Une fois la meurtrissure pansée, le député francilien articule son programme autour d’une République du soin. Ancien inspecteur général des affaires sociales, il plaide pour rétablir un lien qui s’est défait, notamment autour des questions de santé publique et du vieillissement, sujet auquel il avait déjà consacré un ouvrage en 2013, Plaidoyer pour les vieux : tout est politique.
Une contribution sociale utile
Sa démonstration est efficace, d’autant qu’il est désormais convaincu de la nécessité du compromis, comme il l’explique à de multiples reprises. Mais ce compromis n’exclut jamais la radicalité de propositions ambitieuses, notamment lorsqu’il défend la nécessité d’une Sécurité sociale universelle et refondée, reconquérant les marges que se sont attribuées les mutuelles.
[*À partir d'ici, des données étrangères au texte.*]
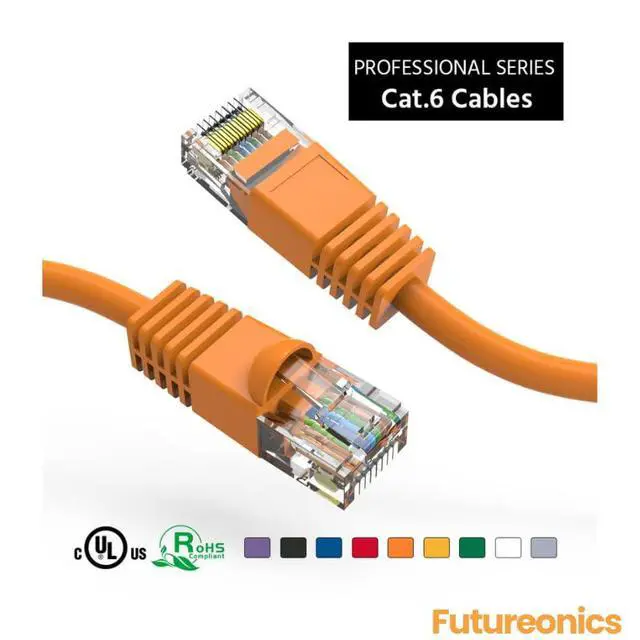 Alt view image 5 of 7 - (20 Pack Cat 6 Ethernet Cable 40 Feet Orange UTP Booted 40 FT Computer Network Cable, Internet Cable, Cat 6 Cable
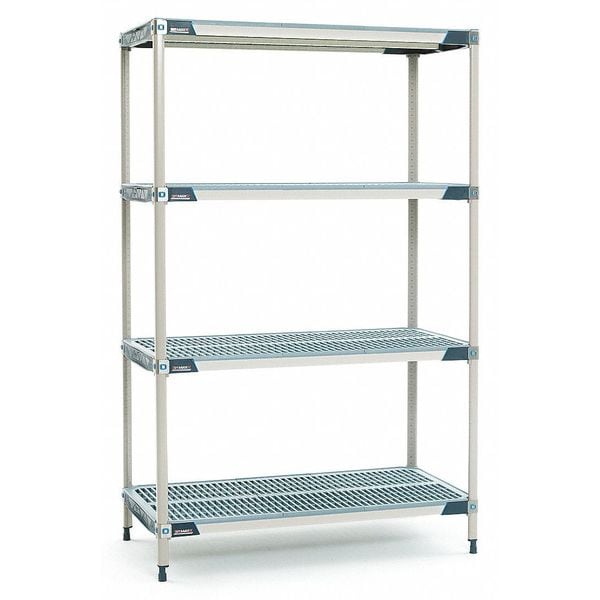 Plastic Shelf, Ventilated Style, 24 in D, 36 in W, 1 13/16 in H, Taupe/Blue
Courageux lorsqu’il propose une refonte générale du système de santé et s’attaque aux prébendes d’une médecine libérale et inégalitaire, il est tout aussi convaincant lorsqu’il démontre l’inefficacité fiscale des niches. Se dessinent aussi en filigrane sa vision d’un État stratège et les prémices d’une réforme de l’État, sans qu’il en précise véritablement les contours. Plus discret sur le volet économique, il n’est pas en reste en matière d’éducation et porte un regard réformateur et lucide sur l’épuisement d’un système à bout de souffle.
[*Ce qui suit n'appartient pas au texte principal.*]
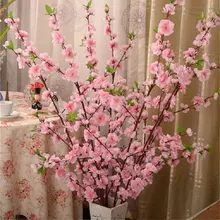 4 шт Дверь Перемычка цветок 5" /128 см искусственная вишня ветка шелковая Цветок спрей Свадебный декор Сакура вишня персик цветение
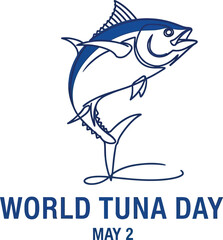 Obraz premium Dynamic vector illustration graphic of a tuna fish jumping to celebrate world tuna day on May 2nd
Son indéfectible ancrage républicain, renforcé par les coups abjects qu’il a subis, ne tombe pas dans le patriotisme cocardier d’un Philippe Brun, au souverainisme de plus en plus assumé. Sans développer véritablement la question européenne, et tout en assumant la campagne du non au référendum de 2005, l’ancien de la rue Saint-Guillaume possède suffisamment de maturité politique pour accepter, ici aussi, la voie du compromis nécessaire dans un contexte géopolitique assombri.
À deux contre le renoncement
Si cet engagement est aussi celui de Raphaël Glucksmann, député européen au fait des périls et des guerres hybrides en cours, les convictions sociales de Jérôme Guedj font mouche parce qu’il est en mesure d’identifier les mauvais traitements collectifs qui rendent la République inaudible et font le lit des populistes.
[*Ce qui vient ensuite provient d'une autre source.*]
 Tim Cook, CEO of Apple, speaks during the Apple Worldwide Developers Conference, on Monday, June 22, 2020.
Avec Glucksmann, il sera le second candidat de la primaire socialiste à apporter les garanties d’un rejet des populistes issus de la gauche lors des législatives. Dans la perspective du vote à la primaire d’octobre, ce n’est pas un détail pour celui qui avait déjà refusé l’investiture du NFP en 2024, joignant les actes à la parole quand tant d’autres avaient consenti à la soumission au chef de meute.
Jérôme Guedj, La République, c’est nous ! Pour en finir avec l’indignité, Éditions de l’Observatoire, 203 pages.